* **Exercise brief**
Since the pictures are not wanted, retype the listing below exactly and without them.

* **Data extract**
++++++++

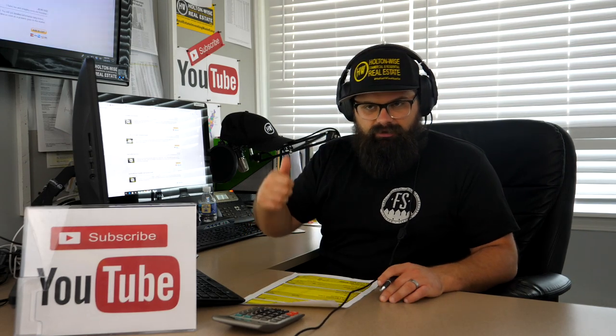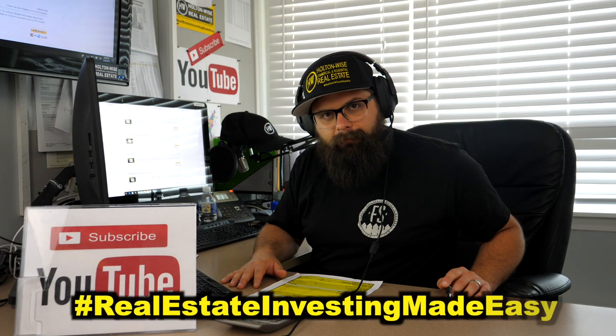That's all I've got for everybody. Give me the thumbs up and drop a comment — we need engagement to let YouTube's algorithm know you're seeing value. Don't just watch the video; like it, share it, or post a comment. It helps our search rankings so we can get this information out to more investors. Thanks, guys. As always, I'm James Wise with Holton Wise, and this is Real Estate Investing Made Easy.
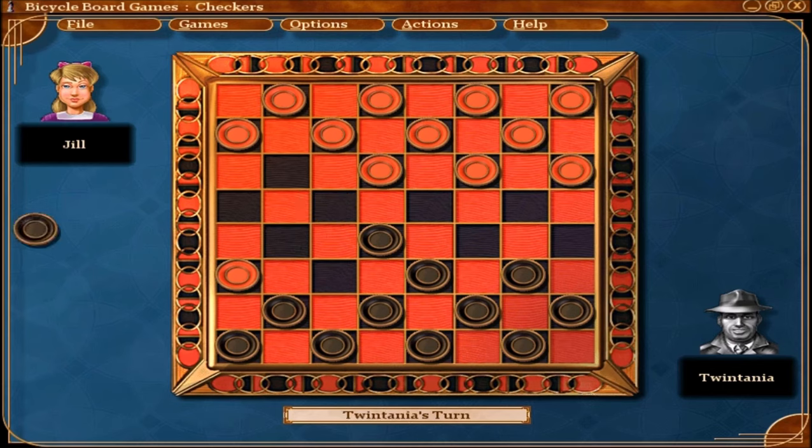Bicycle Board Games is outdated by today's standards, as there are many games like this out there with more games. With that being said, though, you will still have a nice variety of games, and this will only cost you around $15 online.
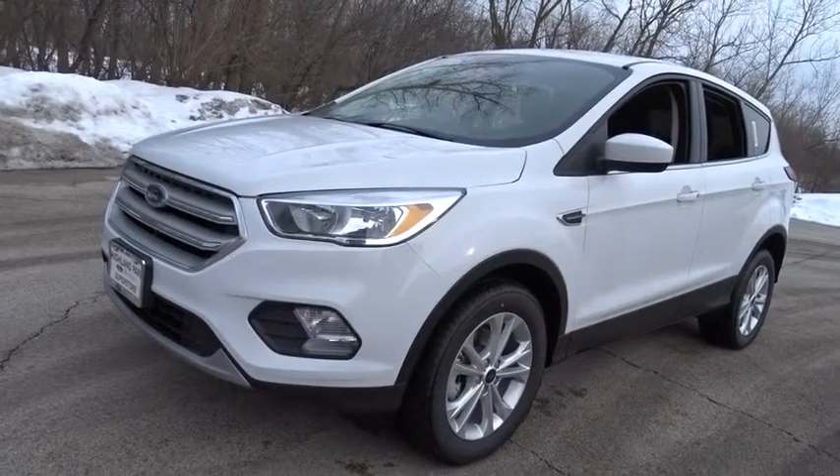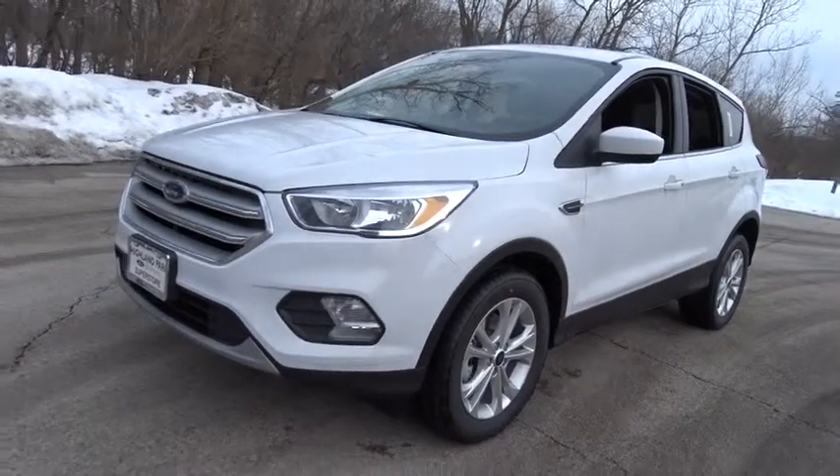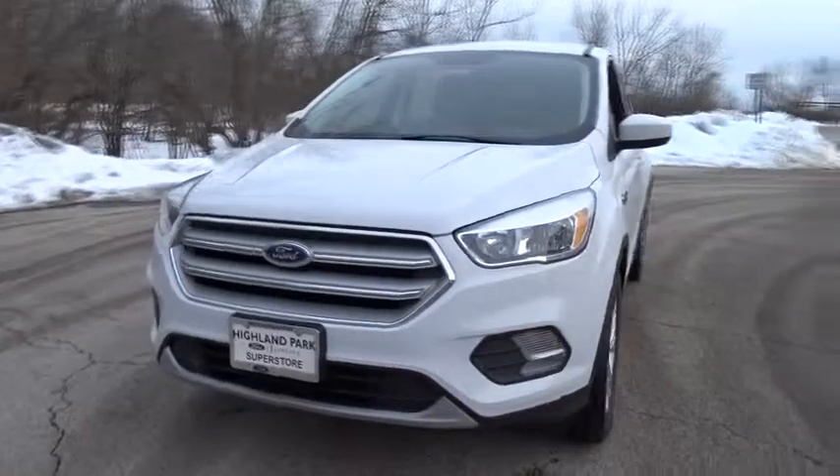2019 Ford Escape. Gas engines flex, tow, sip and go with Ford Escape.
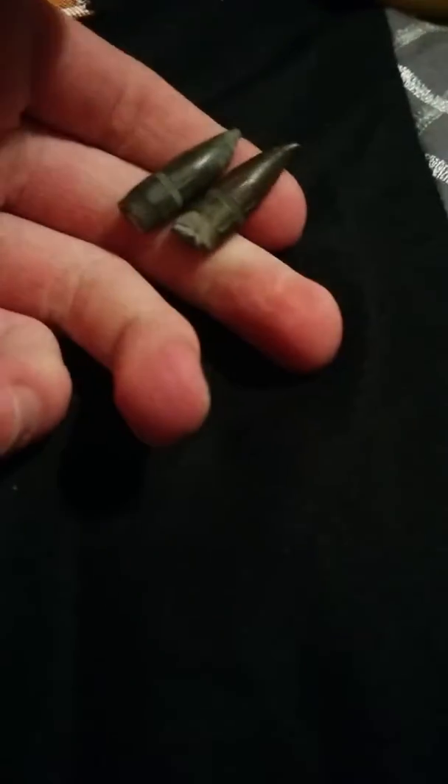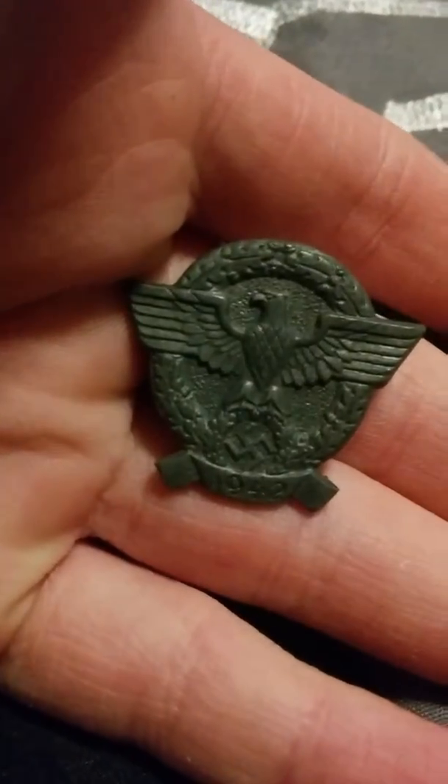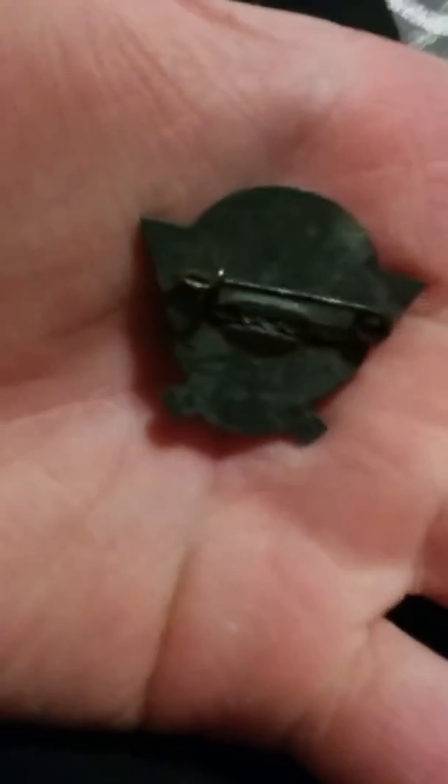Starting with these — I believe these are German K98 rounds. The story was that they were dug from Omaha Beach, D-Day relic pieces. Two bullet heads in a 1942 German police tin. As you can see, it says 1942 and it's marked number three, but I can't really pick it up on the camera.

++++++++

* **Exercise response**
That's all I've got for everybody. Give me the thumbs up and drop a comment — we need engagement to let YouTube's algorithm know you're seeing value. Don't just watch the video; like it, share it, or post a comment. It helps our search rankings so we can get this information out to more investors. Thanks, guys. As always, I'm James Wise with Holton Wise, and this is Real Estate Investing Made Easy.
Bicycle Board Games is outdated by today's standards, as there are many games like this out there with more games. With that being said, though, you will still have a nice variety of games, and this will only cost you around $15 online.
2019 Ford Escape. Gas engines flex, tow, sip and go with Ford Escape.
Starting with these — I believe these are German K98 rounds. The story was that they were dug from Omaha Beach, D-Day relic pieces. Two bullet heads in a 1942 German police tin. As you can see, it says 1942 and it's marked number three, but I can't really pick it up on the camera.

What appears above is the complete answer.